To ensure the website was easily updatable and compliant with WCAG 2.1 Level AA accessibility standards, a complete redesign was essential. Given our years of expertise in developing highly accessible websites, the WIPP team entrusted us with this endeavor.
From discovery to strategic planning
Our work began with a 1-hour video conference call with the team at WIPP to discuss design objectives, success metrics, and user needs. Based on what we learned during our initial meeting, we quickly moved into our standard discovery phase, where our strategists held focused conversations and conducted collaborative exercises with stakeholders. One of these exercises included organizing their content into logical buckets to define navigation and make it easier for users to find the information they were looking for.
The combination of these activities allowed us to fully understand project goals and functionality requirements to devise a strategic plan for redesigning the site.
Designing within constraints
Because this is a government site filled with older documents (including PDFs), we needed to ensure that our UX strategy included the considerations for accessing this information and would align with our proposed overhaul of the site design. In addition, we were instructed to consider the existing aesthetic and treat the WIPP’s existing logo — and colors within it — as the organization's brand guidelines.

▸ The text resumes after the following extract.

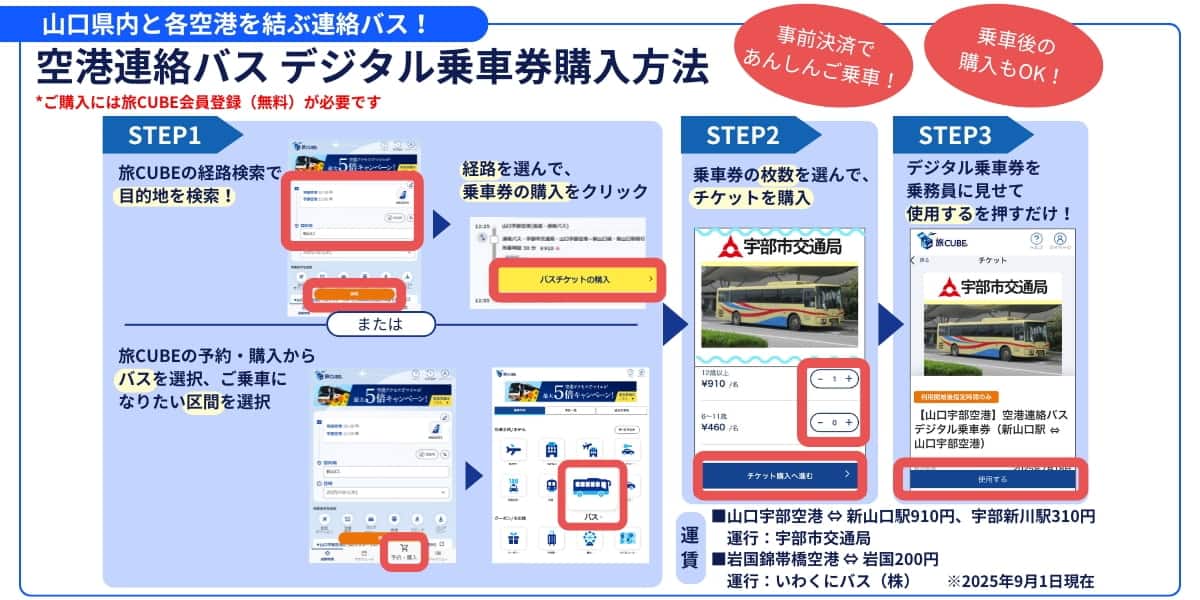 山口県内と山口宇部空港、岩国空港を結ぶ連絡バスのデジタル乗車券をご購入いただけます。 ご購入には、無料の旅CUBE会員登録が必要です。 まずは目的地までの経路を検索。経路一覧から経路を選んだら、購入ボタンをクリック。乗車券の枚数を選択して、ご購入いただけます。 購入した乗車券は、降りる際に乗務員へ見せながら、使用するボタンを押して使用します。
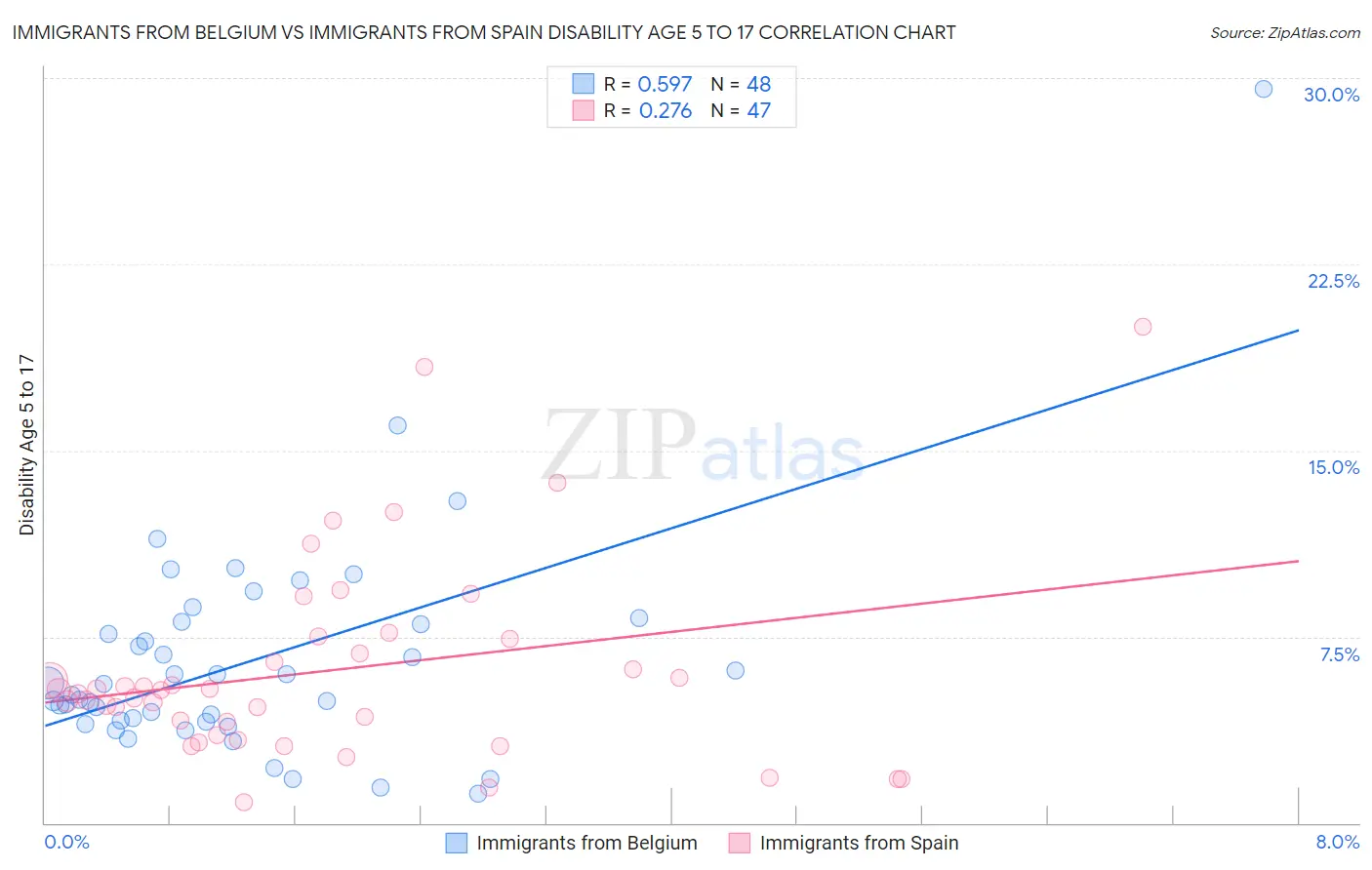 Immigrants from Belgium vs Immigrants from Spain Disability Age 5 to 17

We performed a spectrum poll to craft two exploration boards for the WIPP team to review. The first leaned more towards warmer tones, taking the facility’s desert location as inspiration. The second was more rigid and traditional, using cooler tones to allow photoreal imagery to pop. From there, we met with their team and discussed which elements they liked versus didn’t. With this feedback in mind, we created a flexible design system that complements the site’s photography and the more text-heavy content areas.
Establishing a CMS
Content is the foundation of the WIPP website, so choosing the right content management system (CMS) was a critical decision. Given that WIPP was a governmental organization, it favored using Drupal as a CMS in our early conversations with their team — and was one of the ways they found/connected with us. As experienced Drupal developers, we knew it would meet every organizational need and comply with the stringent security requirements needed for a government site.
Like many of our CMS projects, we implemented a component-based system so that WIPP's content editors could easily add new accessible pages to the site without sacrificing design. For improved navigation, we built filterable search pages so it's simple for end users to find news stories, events/presentations, and documents.
Achieving a user-friendly website
We successfully built a modern website for the WIPP team that solves their historical problems with organizing content and engages users in the informative nuclear waste subject matter.